Ransom Canyon is a residential community in Lubbock County of West Texas, United States. The population was 1,096 at the 2010 census.[2] It is part of the Lubbock Metropolitan Statistical Area.

Ransom Canyon has some unusually designed homes, including the Lawson Rock House and the Steel House, both designed by Robert R. Bruno (1945-2008). The steel house was featured on an episode of Texas Country Reporter with Bob Phillips shortly before Bruno's death.

History[edit]

Ransom Canyon lies in Yellow House Canyon, which was carved by the upper reaches of the North Fork Double Mountain Fork Brazos River. Because of its gradual upward climb, this great canyon was easily traversed and, therefore, served as a popular entry to, and exit from, the vast Staked Plains of West Texas and Eastern New Mexico.

In 1629, Father Salas of Santa Fe came down the canyon to San Angelo and back again; Captains Martin and Castillo followed the same route from Santa Fe in 1650. Indian tribes, buffalo hunters, Colonel Mackenzie and his cavalry, cowboys with their cattle herds ... these and many others have used the canyon with its freshwater springs as an avenue through history.

Ransom Canyon derives its name from the older designation, Cañon de Rescate, "Canyon of Ransom"; for it was in this region that Spanish and Anglo traders negotiated with the Comanches for the return of the hostages.

The town of Ransom Canyon was developed from 576 acres (233 ha) which was the last acreage of Johnston Ranch.[3] The original ranch contained about 165 sections, or more than 100,000 acres (40,000 ha). Most of it was sold off many years ago, but the Headquarters Section was owned by members of the Johnston family until 1961 when the dream of a town was conceived.

The Headquarters Ranch House and the Cowboy Bunk House (and bath house) were sheltered under the huge cottonwood trees on East Lake Shore Drive.
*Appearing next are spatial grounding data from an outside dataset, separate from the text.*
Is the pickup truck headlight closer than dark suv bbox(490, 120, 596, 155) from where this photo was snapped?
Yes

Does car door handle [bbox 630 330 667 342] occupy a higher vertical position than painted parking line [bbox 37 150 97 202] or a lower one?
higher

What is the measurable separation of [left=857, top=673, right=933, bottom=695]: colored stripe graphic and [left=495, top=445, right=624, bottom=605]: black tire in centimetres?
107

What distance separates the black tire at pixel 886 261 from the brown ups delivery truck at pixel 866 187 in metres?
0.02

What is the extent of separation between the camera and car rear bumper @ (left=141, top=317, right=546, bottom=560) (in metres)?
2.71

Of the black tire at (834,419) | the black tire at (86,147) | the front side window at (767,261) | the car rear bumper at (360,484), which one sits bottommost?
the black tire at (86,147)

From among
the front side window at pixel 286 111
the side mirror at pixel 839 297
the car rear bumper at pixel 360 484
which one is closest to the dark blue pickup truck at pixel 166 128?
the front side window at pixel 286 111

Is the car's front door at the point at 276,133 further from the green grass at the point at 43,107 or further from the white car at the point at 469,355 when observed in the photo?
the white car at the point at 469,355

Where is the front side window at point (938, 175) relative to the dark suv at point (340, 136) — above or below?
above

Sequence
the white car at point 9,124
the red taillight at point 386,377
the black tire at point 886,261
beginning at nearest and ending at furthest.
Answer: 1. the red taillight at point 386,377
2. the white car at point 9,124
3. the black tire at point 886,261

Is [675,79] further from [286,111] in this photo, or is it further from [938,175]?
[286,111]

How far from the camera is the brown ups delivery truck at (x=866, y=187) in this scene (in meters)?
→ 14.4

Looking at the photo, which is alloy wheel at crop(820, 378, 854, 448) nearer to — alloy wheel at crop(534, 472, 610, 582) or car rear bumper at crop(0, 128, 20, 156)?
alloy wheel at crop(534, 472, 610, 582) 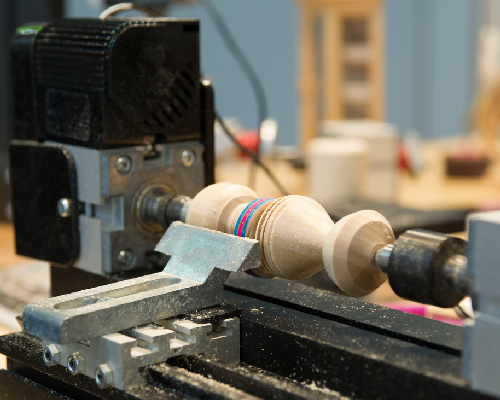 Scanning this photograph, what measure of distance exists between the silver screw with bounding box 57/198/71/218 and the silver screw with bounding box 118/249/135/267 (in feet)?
0.20

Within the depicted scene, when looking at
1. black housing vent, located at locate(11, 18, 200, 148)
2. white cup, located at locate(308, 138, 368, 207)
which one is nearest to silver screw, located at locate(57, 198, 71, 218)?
black housing vent, located at locate(11, 18, 200, 148)

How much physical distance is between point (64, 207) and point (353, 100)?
2.83 metres

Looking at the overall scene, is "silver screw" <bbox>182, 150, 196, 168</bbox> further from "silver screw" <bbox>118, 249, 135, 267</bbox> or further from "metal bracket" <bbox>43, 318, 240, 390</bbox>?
"metal bracket" <bbox>43, 318, 240, 390</bbox>

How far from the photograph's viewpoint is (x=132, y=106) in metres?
0.56

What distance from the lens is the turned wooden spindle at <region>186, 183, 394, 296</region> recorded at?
1.36ft

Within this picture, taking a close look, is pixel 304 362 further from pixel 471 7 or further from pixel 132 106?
pixel 471 7

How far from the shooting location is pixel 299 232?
45 cm

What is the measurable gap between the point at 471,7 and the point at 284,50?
3.95ft

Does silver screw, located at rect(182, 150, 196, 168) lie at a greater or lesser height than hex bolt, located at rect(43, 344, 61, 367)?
greater

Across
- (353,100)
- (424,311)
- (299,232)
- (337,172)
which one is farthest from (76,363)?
(353,100)

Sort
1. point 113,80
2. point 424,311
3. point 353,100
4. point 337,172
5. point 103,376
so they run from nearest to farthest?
1. point 103,376
2. point 113,80
3. point 424,311
4. point 337,172
5. point 353,100

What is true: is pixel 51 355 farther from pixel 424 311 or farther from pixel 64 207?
pixel 424 311

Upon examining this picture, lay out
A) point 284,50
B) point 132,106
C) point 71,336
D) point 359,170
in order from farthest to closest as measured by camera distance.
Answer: point 284,50, point 359,170, point 132,106, point 71,336

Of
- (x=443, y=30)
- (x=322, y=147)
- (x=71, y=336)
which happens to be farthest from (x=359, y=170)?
(x=443, y=30) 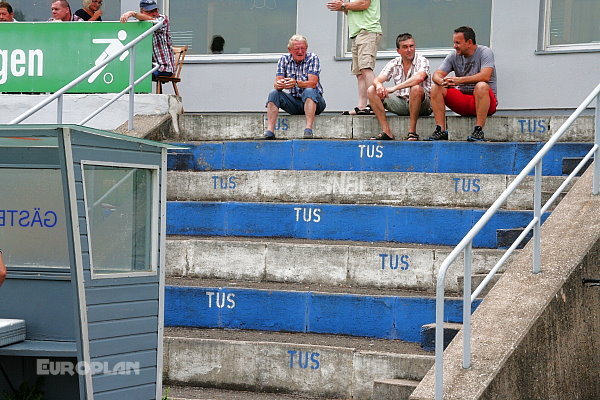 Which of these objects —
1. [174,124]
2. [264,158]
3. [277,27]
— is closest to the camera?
[264,158]

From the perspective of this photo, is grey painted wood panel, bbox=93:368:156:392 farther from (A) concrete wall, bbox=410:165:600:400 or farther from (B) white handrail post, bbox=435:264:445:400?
(B) white handrail post, bbox=435:264:445:400

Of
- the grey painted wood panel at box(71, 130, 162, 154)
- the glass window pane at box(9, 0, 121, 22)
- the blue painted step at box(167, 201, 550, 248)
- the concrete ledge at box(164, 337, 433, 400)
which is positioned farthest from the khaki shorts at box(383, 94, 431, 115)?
the glass window pane at box(9, 0, 121, 22)

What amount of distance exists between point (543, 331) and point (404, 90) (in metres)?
5.20

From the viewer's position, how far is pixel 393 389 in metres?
7.29

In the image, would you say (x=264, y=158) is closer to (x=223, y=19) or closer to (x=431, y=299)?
(x=431, y=299)

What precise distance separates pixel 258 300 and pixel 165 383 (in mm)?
1022

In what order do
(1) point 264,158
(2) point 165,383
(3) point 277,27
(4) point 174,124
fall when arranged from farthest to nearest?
(3) point 277,27
(4) point 174,124
(1) point 264,158
(2) point 165,383

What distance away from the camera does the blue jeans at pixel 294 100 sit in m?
11.8

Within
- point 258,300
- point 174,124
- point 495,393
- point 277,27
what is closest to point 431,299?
point 258,300

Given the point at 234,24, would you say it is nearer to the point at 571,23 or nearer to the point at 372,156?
the point at 571,23

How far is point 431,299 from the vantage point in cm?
824

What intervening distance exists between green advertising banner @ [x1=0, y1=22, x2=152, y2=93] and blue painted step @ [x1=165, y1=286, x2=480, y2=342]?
411 cm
Water for the bath house was supplied directly from the spring that is still flowing there.

The spring at the upper end of Brookhollow is shown on the oldest maps as "Pig Squeal" spring. No doubt wild hogs were trapped in this box canyon, hence the name.

Indian relics are still found, and at least one Indian burial site has been found in rocky ledges on the west side.

Geography[edit]

The town of Ransom Canyon is located within Yellow House Canyon, at the eastern edge of the Llano Estacado. Yellow House Canyon was carved by the North Fork Double Mountain Fork Brazos River. This stream has been dammed multiple times to form Buffalo Springs Lake and Lake Ransom Canyon.[3]

According to the United States Census Bureau, the town has a total area of 0.93 square miles (2.4 km2), of which 0.77 square miles (2.0 km2) is land and 0.15 square miles (0.4 km2), or 16.38%, is water.[2]

Climate[edit]

According to the Köppen Climate Classification system, Ransom Canyon has a semi-arid climate, abbreviated "BSk" on climate maps.[4]

Demographics[edit]

As of the census[5] of 2000, there were 1,011 people, 404 households, and 338 families residing in the town. The population density was 1,213.1 people per square mile (470.3/km²). There were 412 housing units at an average density of 494.4/sq mi (191.7/km²). The racial makeup of the town was 95.25% White, 0.40% African American, 0.20% Native American, 0.40% Asian, 2.57% from other races, and 1.19% from two or more races. Hispanic or Latino of any race were 4.85% of the population.

There were 404 households out of which 31.2% had children under the age of 18 living with them, 80.0% were married couples living together, 3.2% had a female householder with no husband present, and 16.1% were non-families. 14.6% of all households were made up of individuals and 6.9% had someone living alone who was 65 years of age or older. The average household size was 2.50 and the average family size was 2.76.

In the town the population was spread out with 22.0% under the age of 18, 4.5% from 18 to 24, 23.5% from 25 to 44, 36.5% from 45 to 64, and 13.5% who were 65 years of age or older. The median age was 45 years. For every 100 females there were 94.4 males. For every 100 females age 18 and over, there were 90.6 males.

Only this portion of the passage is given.